_DIRECTIONS_
Only the lines from the one holding "2 Studs 12 Terminal" to the final line of the material below belong in the answer, transcribed exactly.

_SUPPLIED MATERIAL_
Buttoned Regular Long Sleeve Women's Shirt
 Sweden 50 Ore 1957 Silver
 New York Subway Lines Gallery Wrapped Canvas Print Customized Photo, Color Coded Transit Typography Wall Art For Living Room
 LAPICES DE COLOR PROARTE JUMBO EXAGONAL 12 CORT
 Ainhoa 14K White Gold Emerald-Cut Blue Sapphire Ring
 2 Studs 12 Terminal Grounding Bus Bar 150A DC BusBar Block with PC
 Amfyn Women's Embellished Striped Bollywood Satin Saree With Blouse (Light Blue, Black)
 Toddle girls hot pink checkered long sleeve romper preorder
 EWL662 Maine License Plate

_ANSWER BOX_
 2 Studs 12 Terminal Grounding Bus Bar 150A DC BusBar Block with PC
 Amfyn Women's Embellished Striped Bollywood Satin Saree With Blouse (Light Blue, Black)
 Toddle girls hot pink checkered long sleeve romper preorder
 EWL662 Maine License Plate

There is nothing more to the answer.